In addition to stretching his cerebrum, Peter and the gang inspire him to pack it with particularly knee-slapping scenes and to reenact them for anyone willing to listen. And since his friends tirelessly reference TV and movies, he now feels more comfortable being social via the show’s ideas.

Finally, with a new eye for absurdity, he is thinking like a comic outside the den. The other day he told me about a letter home from his teacher regarding their class pets, complaining that, while at last permitted to feed the bearded lizards a few wax worms each morning, he could not administer a shave.

My parents, understandably, voice a some concern about the adult content in “Family Guy,” which typically airs way past primetime.
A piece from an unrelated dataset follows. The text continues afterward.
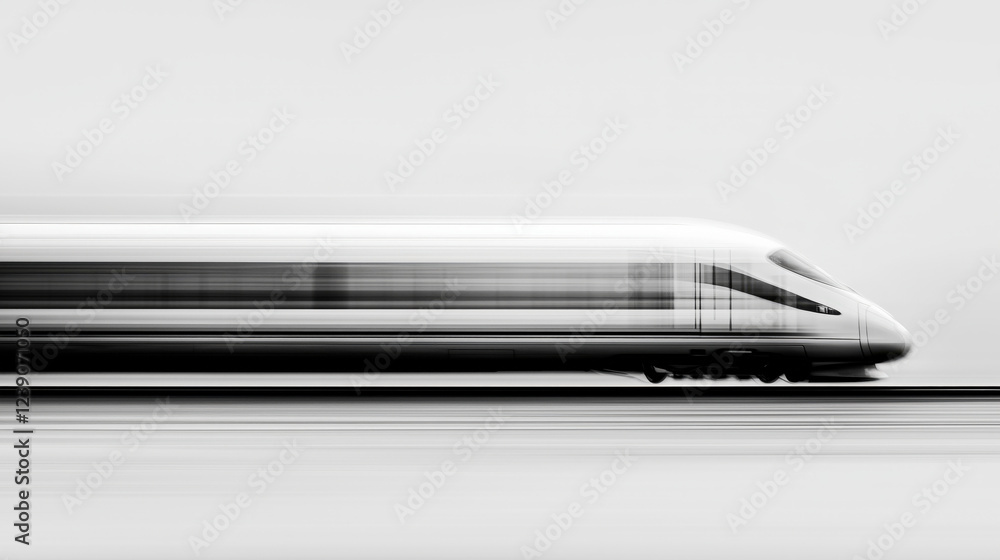 high-speed train in motion, creating a blurred effect that emphasizes its speed. The sleek, modern design and monochrome background highlight futuristic transportation and rapid movement high-speed train in motion, creating a blurred effect that emphasizes its speed. The sleek, modern design and monochrome background highlight futuristic transportation and rapid movement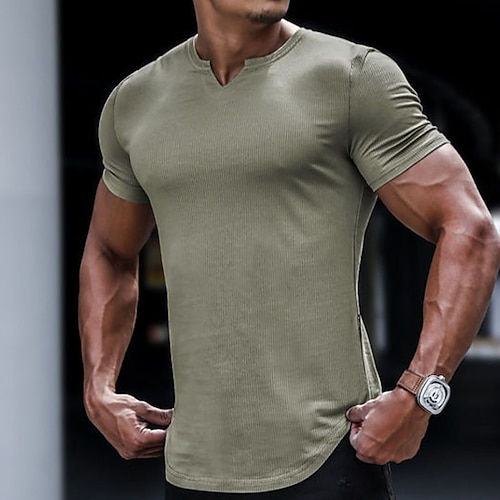 

Men's T shirt Tee Solid Color V Neck Light Green Navy Blue Black Street Casual Short Sleeve Clothing Apparel Fashion Classic Comfortable Big and Tall / Summer / Spring / Summer / Sports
After all, Peter has a habit of talking about naughty things in a particularly naughty fashion. So why do I support my brother’s attachment to the family on Spooner Street? For the most part, he can distinguish the inappropriate from the benign. Eager to please us so that he will be allowed to study more episodes, he really tries to listen and retain selectively. Yes, he occasionally repeats things he shouldn’t because some of the material is over his head. But I think the inspiration he gains from watching far outweighs the risk of his premature exposure to the sinister adult world.

“Family Guy” is not for every youngster, especially not for those apt to chant the bad in front of mom and dad and to fail to appreciate the beauty of the show’s more subtle moments. But more important than using this particular show as an educational tool is finding something that will effectively motivate kids to think outside their 30-inch flat-screen—even if that requires first allowing them to turn it on.



Theodore S. Grant ’08, a Crimson editorial comper, is a history concentrator in Cabot House.